Secondly, it is difficult to integrate the prior nucleic acid sequence amplification apparatuses in a complex apparatus or a miniaturized device, due to their complicated design. Recently, miniaturized complex apparatuses are under development in the biotechnology field. For example, Lab-on-a-chip has been developed by integrating channels for sample passage, valves, pressure gauges, reaction vessels, detection units, etc. as a single unit on a glass, silicon, or polymer plate using photolithography. Such miniaturized complex apparatuses are expected to have wide applications for various research and medical purposes. In the case that a nucleic acid sequence amplification apparatus needs to be integrated to such miniaturized chip, the prior method has a drawback in miniaturization because it requires a complex design to enable the temperature change processes. Furthermore, it is difficult to integrate the prior apparatuses in a complex apparatus in which rapid temperature change is not desirable.

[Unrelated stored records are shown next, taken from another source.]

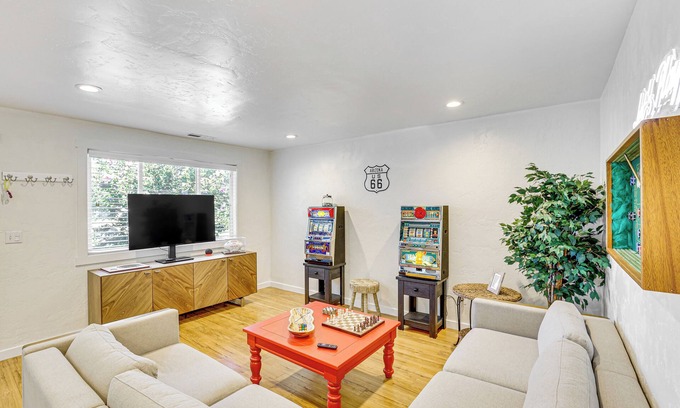 Southeast Boise Condominio | ‘The Game Night Condo’ w/ Patio in Boise!
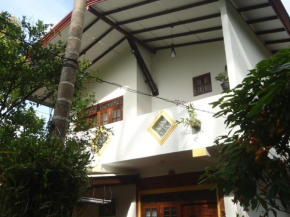 Отель New Jaya Villa  Bentota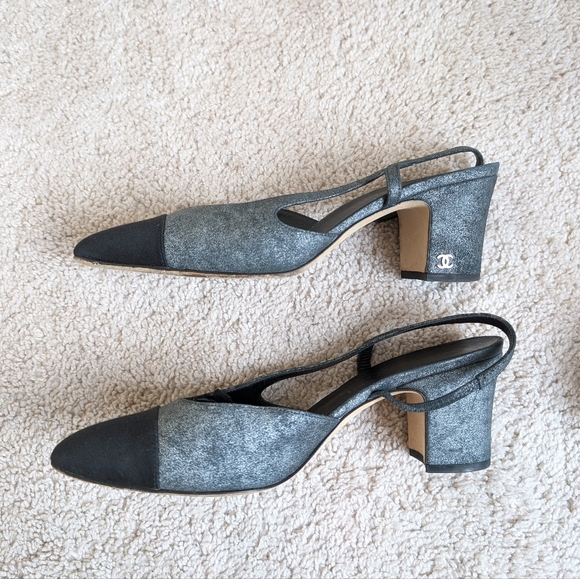 Chanel Interlocking CC Logo Nubuck Grey/Black Slingback Pumps, Size 39 - Picture 7 of 10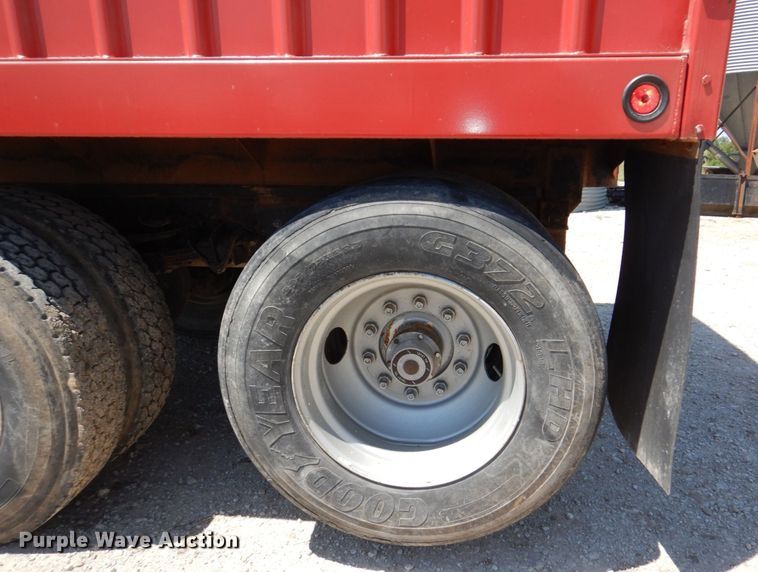 image for item DM2253 1996 International 4700  grain truck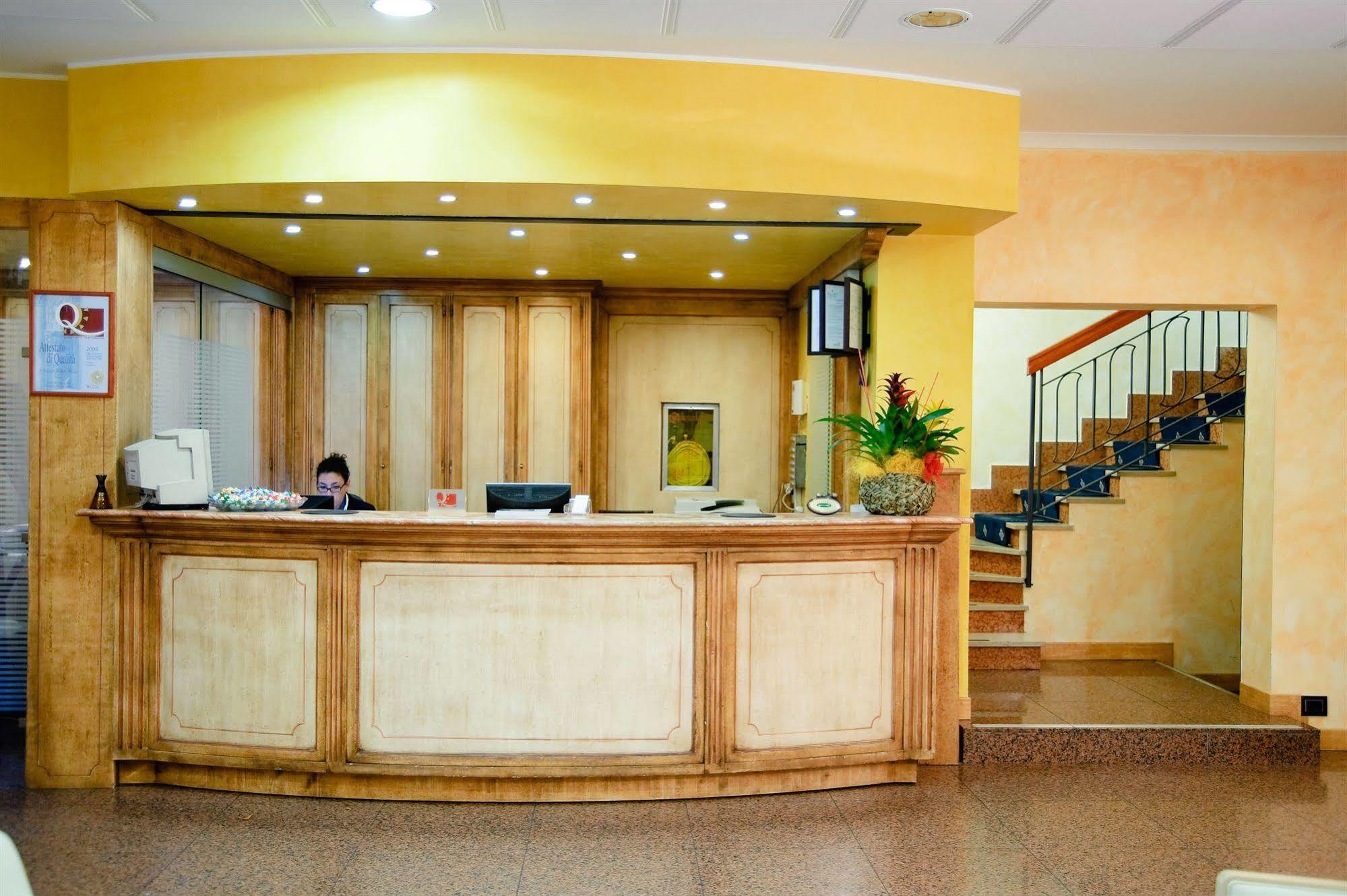Novo Hotel Rossi Verona Esterno foto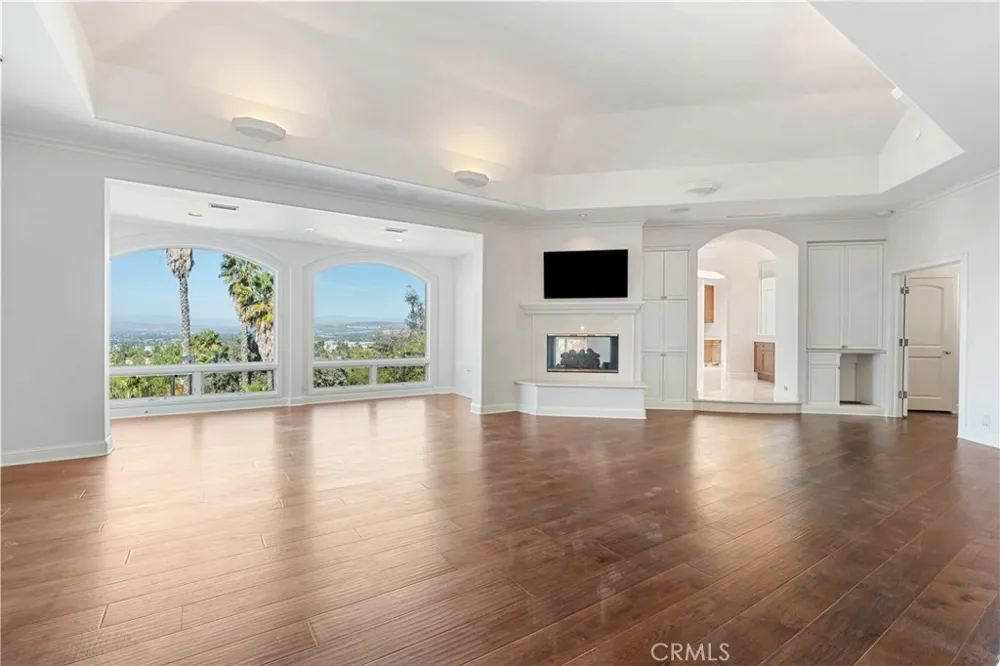 5081 E Copa De Oro Drive Anaheim, CA 92807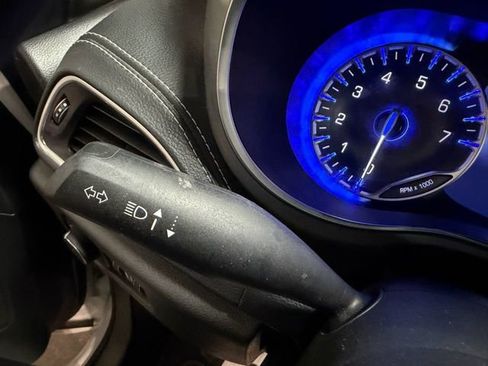 Used 2025 Chrysler Pacifica Limited FWD image 39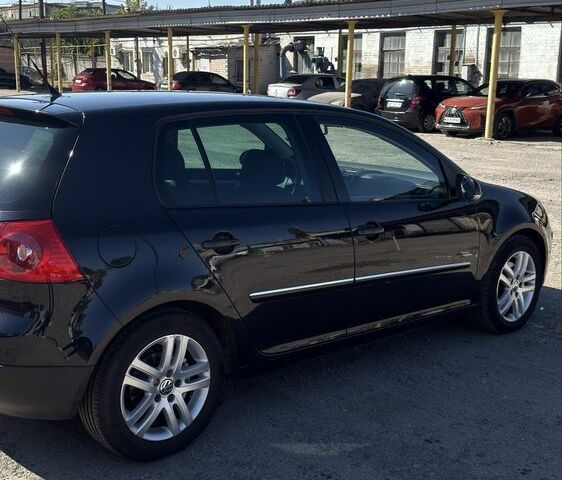 Чорний Фольксваген Гольф, об'ємом двигуна 2 л та пробігом 158 тис. км за 8687 $, фото 6 на Automoto.ua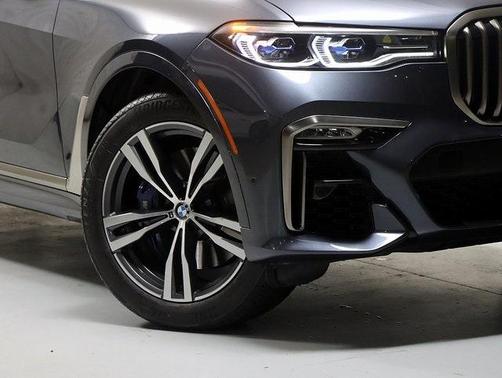 2021 BMW X7 M50i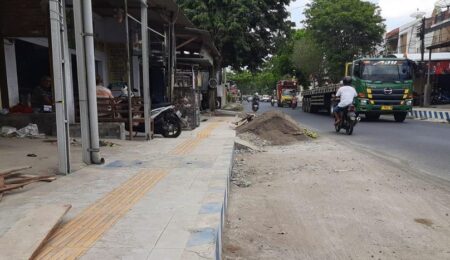 Kerap Banjir, Puluhan Meter Drainase di Bondowoso Diperbaiki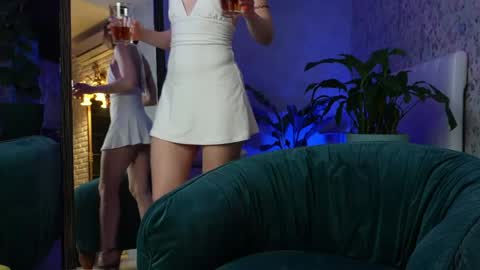 Snapshot of clara_bendover chatting on 03/19/26, 07:18 Clara online show from 03/19/26, 07:18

Thirdly, the prior nucleic acid sequence amplification apparatuses can only use thermostable DNA polymerases such as Taq DNA polymerase. This is because the prior apparatuses have the process of heating the whole sample to a high temperature.
Finally, the prior nucleic acid sequence amplification apparatuses have a limitation for reducing the PCR reaction time. Since the prior apparatuses require the processes for changing the temperature of the whole sample, the PCR reaction time must take more time at least as much as the time needed for the temperature change.